As someone who is pathologically contrary, I love anything that questions conventional wisdom or ‘best practice’. I imagine there are some professions where there is a ‘right’ way to do things (hello surgeons) but when it comes to how to engage and manage people nothing, and I mean nothing, can be simply boiled down to “the way”.
I want you to think about the best experiences you have had in work and life? Did any of them pan out that way because someone treated you like a set of letters (hello personality testing), or give you feedback in a prescribed and mechanistic way? Did you feel you truly seen by the high-tech performance appraisal system in your consulting company? Do you really feel you learned more in a gamified training session than you would have with some interaction with a person?
In the past, I have always stumbled on questions about what I think the future of HR is, because, frankly I think the expected answer – i.e. the use of increasingly sophisticated technology and neuroscience to pinpoint, engage and harness talent – is bunkum.

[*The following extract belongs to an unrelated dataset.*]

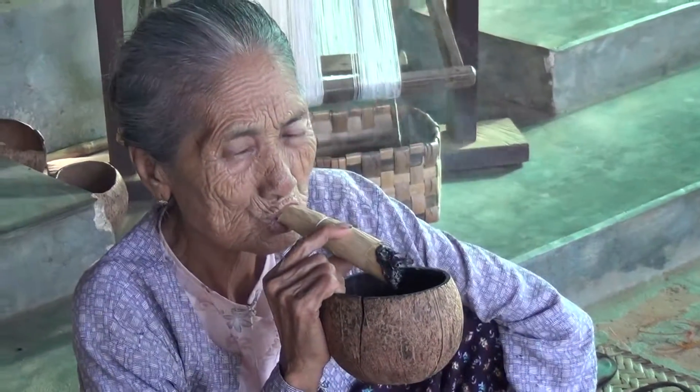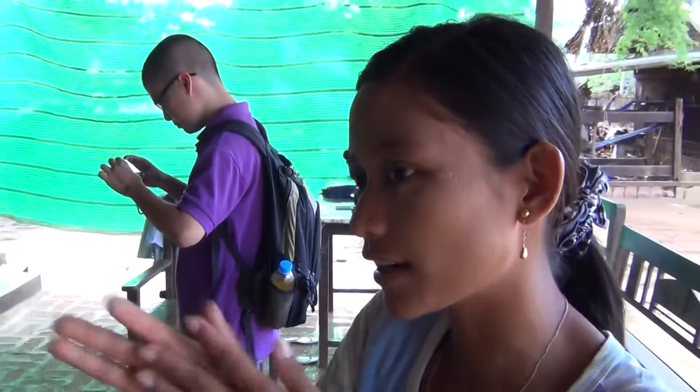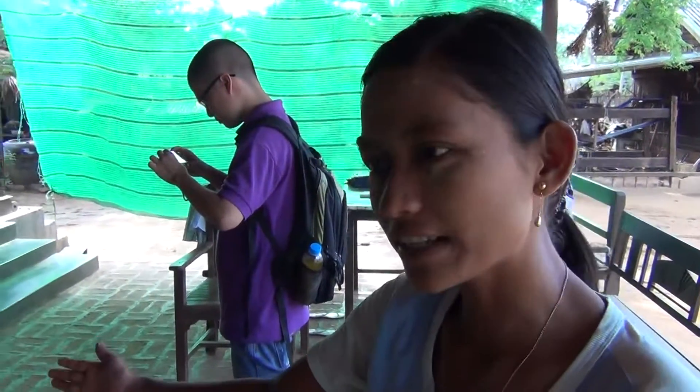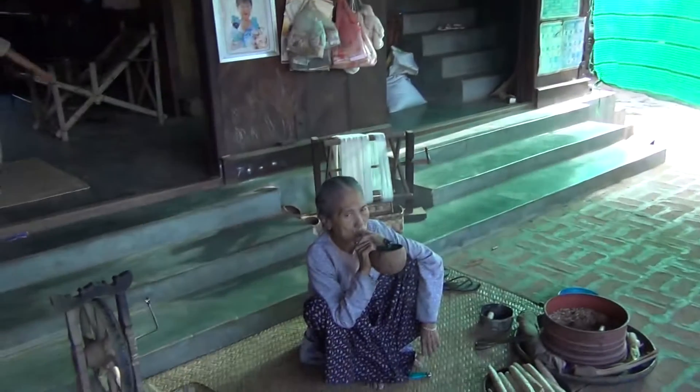Palm sugar, salt, tamarind. This is the leaf for the comb leaf. This comb leaf, they put it inside, made a cover. She's making it. She made a cigar that she smokes every day.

Let’s take Neuroscience. Try googling neuroscience + talent and scroll through the pages of of ‘experts’ expounding on why neuroscience is the key to unlocking your peoples’ talents. And yet, according to Avgusta Shestyuk, a neuroscience Fellow at Berkley, if you ask 100 neuroscientists for the definition of thinking, you’ll get 100 different answers. That isn’t old news. That’s a quote from a June 2019 New Scientist.
The brain is the most unknown object in the universe. We know a lot about how neural circuits function, yet “we don’t know how the information of how to ride a bicycle, or fly a helicopter, or speak Japanese, is stored in the brain”. However, we’re expected to believe (do believe, given the amount of $$$ spent on this stuff), that we know what kinds of words we should say to elicit 'x' or 'y' or 'z' response or “why some learners reject feedback”. Walk away people, you’re being sold snake oil.
The same goes for psychometric testing run by recruitment companies – yes, if you’ve read any of my previous posts you’ll know this is my bugbear (I am happy to admit that maybe, maybe there is some value in using peer-reviewed and accepted tools administered by qualified psychologists. But even then you as a business need to understand what it is you actually are testing for - what personality traits/abilities/values are actually going to get you your required outcome? How do you know? (spoiler, there's more on that below) And even then, will the person actually get to use those capabilities and traits in your particular cultural and commercial context? I can't tell you how many leaders I have worked with who hire great process people, or innovators or ... fill in the blank ... and then quash those skills because they don't understand them.
Perhaps it will be no surprise then, to learn that my favourite book on this topic is the recently released “Nine Lies About Work: A Freethinking Leader’s Guide to the Real World”. In it the authors debunk some of the myths that prevent us from really getting the outcomes we seek. Things like:
- That any of us can reliably rate other people’s performance.
Let me guess, you’re the exception? I was pretty sure I was too. Read the book.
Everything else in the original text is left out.